For a while during this era, I used to port my laptops windows installation into a virtual machine that can run on Linux. It took a bit of hacking away but I could usually do it in a day or two. Then its all Linux with the windows vm being used for the microsoft stuff.
I do have to admit I have recently begun wishing I could pay five dollars a month for a "just answer the fucking question" plan that would give me results without the guardrails and without the constant simpering and ego-stroking. I keep finding myself going a quick evaluation of "is it faster for me to skim search results myself or to construct an elaborate narrative to make an AI give me a real answer".
I have given up on making Opus actually retrieve online information for me. At this point I only query it side by side with qwen to laugh at how it didn't even attempt to search properly, and how a small local model is beating it every time. Gemini is very fast for searching, but somehow miss-sources all the time.
First time I did this I realized in 5 seconds that the big players weren’t going to be carving up the market between them.
The things you describe are just tool calling, they're a feature of whatever harness you use. Use OpenCode, pi.dev, or maki.sh with any of the open models.
> I do have to admit I have recently begun wishing I could pay five dollars a month for a "just answer the fucking question" plan that would give me results without the guardrails and without the constant simpering and ego-stroking.
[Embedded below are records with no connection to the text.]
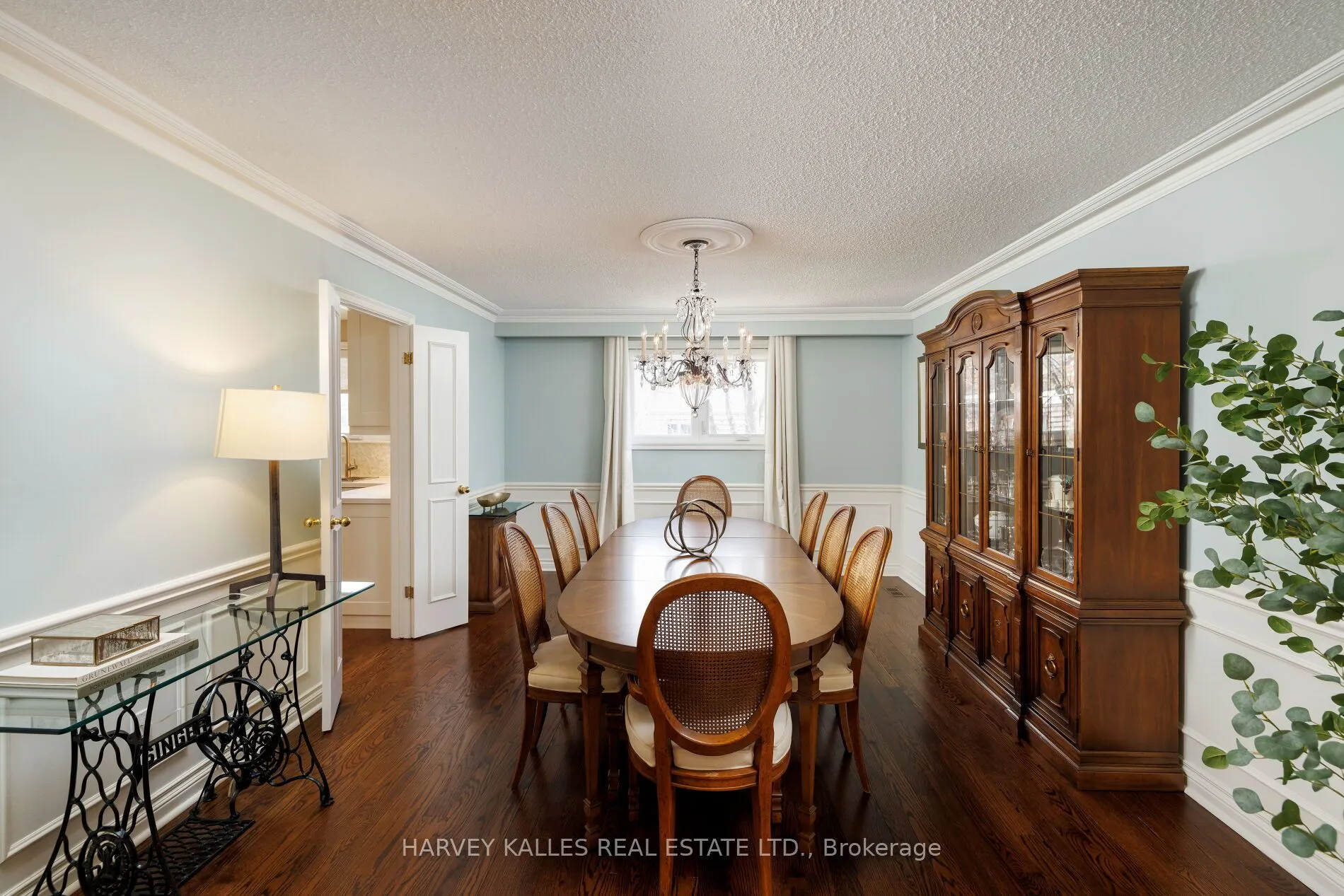 124 Abbeywood Trail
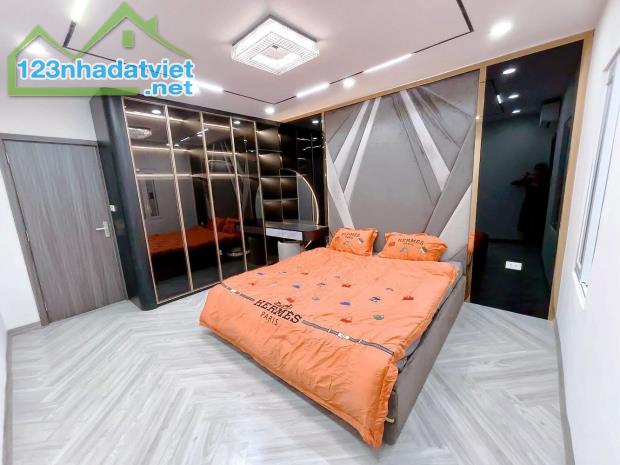 Hàng Hiếm - Full Nội Thất - Tập Thể Thi Sách - Hai Bà Trưng - Dt:75m2/2PN/PK*5,1tỷ - 2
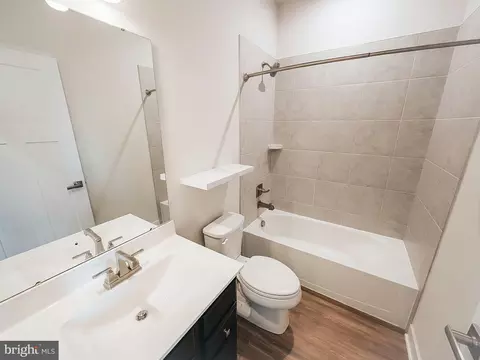 Bath - 14707 Earl Mitchell Ave, Brandywine, MD 20613 photo 2 of 5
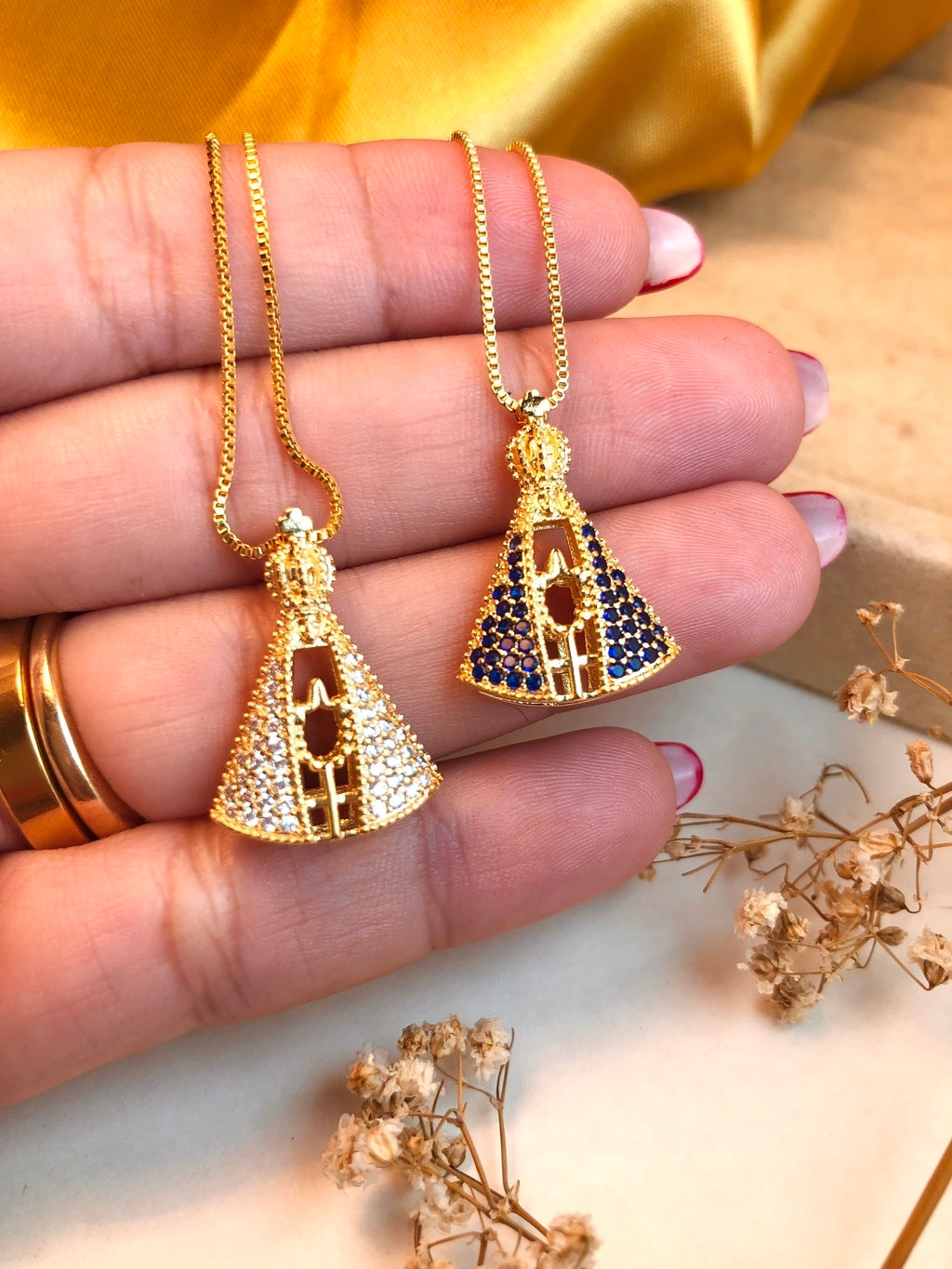 ( Compre 1 leve 2 ) Colar Nossa Senhora Aparecida com Manto de Zircônia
I keep finding myself going a quick evaluation of "is it faster for me to skim search results myself or to construct an elaborate narrative to make an AI give me a real answer".
You can do most of this with some system prompts added to whatever agent you're using. You can do it from the settings on the claude/chatgpt websites too. (minus the no-guardrails thing)
A $10,000 RTX 6000 Blackwell card will pay for 500 months of Claude or Codex, which is 40 years worth of compute. Obviously they are going to raise their prices, my prediction being to $200-500/month, but that still makes them at least years of compute and they scale very well with more traffic. Single GPUs do not, they are pegged at 100% and good luck getting it to answer multiple queries at the same time.